[[ EXCERPTED RECORDS, beginning ]]

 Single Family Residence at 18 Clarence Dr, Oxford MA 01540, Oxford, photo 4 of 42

[[ EXCERPTED RECORDS, end ]]
[[ EXCERPTED RECORDS, beginning ]]

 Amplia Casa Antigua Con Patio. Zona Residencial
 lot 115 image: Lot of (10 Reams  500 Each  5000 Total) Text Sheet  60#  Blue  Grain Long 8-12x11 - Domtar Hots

[[ EXCERPTED RECORDS, end ]]

• EXERCISE BRIEF
From the entries above, write out only the lines starting at the line that holds "Amplia Casa Antigua" and ending at the line that holds "lot 115 image: Lot", keeping both and matching them exactly.

• ANSWER SPACE
 Amplia Casa Antigua Con Patio. Zona Residencial
 lot 115 image: Lot of (10 Reams  500 Each  5000 Total) Text Sheet  60#  Blue  Grain Long 8-12x11 - Domtar Hots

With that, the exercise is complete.